20.7.2.1. Why is FC needed on top of TCP ? TCP has its own flow control !

The reason is group communication, where we essentially have to send group messages at the highest speed the slowest receiver can keep up with. Let's say we have a cluster {A,B,C,D}. D is slow (maybe overloaded), the rest is fast. When A sends a group message, it establishes TCP connections A-A (conceptually), A-B, A-C and A-D (if they don't yet exist). So let's say A sends 100 million messages to the cluster. Because TCP's flow control only applies to A-B, A-C and A-D, but not to A-{B,C,D}, where {B,C,D} is the group, it is possible that A, B and C receive the 100M, but D only received 1M messages. (BTW: this is also the reason why we need NAKACK, although TCP does its own retransmission).
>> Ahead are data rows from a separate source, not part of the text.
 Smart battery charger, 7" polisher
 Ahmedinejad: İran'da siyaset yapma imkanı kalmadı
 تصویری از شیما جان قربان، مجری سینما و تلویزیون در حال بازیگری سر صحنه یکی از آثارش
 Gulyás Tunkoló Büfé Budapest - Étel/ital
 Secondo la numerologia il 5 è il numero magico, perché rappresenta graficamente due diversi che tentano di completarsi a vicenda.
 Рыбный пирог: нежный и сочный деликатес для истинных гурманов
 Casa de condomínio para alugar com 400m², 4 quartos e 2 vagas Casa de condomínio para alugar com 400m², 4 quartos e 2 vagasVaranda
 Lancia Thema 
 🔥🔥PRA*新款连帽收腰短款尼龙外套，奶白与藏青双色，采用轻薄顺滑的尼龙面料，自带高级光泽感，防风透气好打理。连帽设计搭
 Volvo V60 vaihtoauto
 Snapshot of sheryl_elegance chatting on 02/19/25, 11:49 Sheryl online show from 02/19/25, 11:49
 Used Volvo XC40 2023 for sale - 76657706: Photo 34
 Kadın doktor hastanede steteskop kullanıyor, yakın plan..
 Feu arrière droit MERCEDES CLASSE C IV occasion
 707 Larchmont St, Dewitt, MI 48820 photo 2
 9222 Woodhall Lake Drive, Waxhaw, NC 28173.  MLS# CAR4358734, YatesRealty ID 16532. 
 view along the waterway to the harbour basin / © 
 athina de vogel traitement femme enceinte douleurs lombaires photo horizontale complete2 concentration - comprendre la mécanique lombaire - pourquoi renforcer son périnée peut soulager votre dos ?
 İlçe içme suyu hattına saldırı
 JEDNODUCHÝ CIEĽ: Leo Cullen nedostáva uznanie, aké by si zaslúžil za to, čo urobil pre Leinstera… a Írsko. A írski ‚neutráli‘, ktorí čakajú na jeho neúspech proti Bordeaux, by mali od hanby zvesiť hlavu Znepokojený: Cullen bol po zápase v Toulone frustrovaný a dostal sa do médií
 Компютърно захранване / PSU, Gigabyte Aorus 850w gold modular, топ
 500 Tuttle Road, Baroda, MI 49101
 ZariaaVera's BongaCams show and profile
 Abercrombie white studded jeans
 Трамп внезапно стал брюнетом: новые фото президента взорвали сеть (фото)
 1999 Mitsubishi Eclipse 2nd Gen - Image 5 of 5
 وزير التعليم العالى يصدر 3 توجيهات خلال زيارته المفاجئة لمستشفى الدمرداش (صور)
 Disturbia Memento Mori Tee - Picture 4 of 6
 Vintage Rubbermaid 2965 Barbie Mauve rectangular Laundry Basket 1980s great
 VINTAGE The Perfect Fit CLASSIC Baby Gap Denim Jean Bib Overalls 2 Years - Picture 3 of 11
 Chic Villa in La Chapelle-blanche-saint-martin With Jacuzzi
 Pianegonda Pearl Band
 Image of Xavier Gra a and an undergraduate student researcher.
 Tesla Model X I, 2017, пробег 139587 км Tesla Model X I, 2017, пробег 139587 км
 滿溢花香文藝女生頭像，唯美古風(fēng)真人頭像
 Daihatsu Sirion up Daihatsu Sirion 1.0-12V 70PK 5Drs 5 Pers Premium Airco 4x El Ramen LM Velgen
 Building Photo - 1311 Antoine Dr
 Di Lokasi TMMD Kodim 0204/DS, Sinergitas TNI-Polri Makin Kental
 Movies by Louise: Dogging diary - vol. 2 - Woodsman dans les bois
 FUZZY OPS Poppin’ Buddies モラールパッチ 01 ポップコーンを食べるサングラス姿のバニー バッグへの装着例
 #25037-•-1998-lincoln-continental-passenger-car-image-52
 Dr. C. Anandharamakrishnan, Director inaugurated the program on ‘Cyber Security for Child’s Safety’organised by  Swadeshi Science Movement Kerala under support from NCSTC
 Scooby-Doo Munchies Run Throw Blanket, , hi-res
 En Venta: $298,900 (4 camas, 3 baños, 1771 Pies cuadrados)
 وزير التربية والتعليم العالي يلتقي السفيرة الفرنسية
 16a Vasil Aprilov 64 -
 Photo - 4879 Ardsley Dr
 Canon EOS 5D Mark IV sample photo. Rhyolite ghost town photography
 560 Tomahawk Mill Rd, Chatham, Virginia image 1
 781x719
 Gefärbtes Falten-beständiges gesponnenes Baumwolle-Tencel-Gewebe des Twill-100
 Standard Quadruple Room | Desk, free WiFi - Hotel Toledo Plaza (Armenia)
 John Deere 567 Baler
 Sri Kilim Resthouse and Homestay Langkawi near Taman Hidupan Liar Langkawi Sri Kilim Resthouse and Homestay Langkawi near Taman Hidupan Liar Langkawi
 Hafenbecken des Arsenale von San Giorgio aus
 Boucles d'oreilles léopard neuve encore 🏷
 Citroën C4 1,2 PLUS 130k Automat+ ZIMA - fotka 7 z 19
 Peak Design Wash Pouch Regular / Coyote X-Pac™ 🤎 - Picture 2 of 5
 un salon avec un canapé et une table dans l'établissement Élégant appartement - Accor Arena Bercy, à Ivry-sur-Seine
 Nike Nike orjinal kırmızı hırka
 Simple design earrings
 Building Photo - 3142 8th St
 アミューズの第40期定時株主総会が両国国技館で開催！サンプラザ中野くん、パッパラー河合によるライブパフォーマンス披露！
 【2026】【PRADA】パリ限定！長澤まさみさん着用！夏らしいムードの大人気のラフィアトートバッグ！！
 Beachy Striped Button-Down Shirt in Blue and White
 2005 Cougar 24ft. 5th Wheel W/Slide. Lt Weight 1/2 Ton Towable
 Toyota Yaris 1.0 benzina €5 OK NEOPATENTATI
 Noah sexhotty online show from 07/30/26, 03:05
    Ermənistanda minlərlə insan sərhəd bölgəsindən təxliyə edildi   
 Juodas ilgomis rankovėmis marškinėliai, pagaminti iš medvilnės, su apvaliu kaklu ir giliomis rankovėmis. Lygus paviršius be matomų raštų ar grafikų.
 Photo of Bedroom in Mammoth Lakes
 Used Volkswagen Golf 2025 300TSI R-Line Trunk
Now JGroups has to buffer all messages in memory for the case when the original sender S dies and a node asks for retransmission of a message of S. Because all members buffer all messages they received, they need to purge stable messages (= messages seen by everyone) every now and then. This is done by the STABLE protocol, which can be configured to run the stability protocol round time based (e.g. every 50s) or size based (whenever 400K data has been received).

In the above case, the slow node D will prevent the group from purging messages above 1M, so every member will buffer 99M messages ! This in most cases leads to OOM exceptions. Note that - although the sliding window protocol in TCP will cause writes to block if the window is full - we assume in the above case that this is still much faster for A-B and A-C than for A-D.

So, in summary, we need to send messages at a rate the slowest receiver (D) can handle.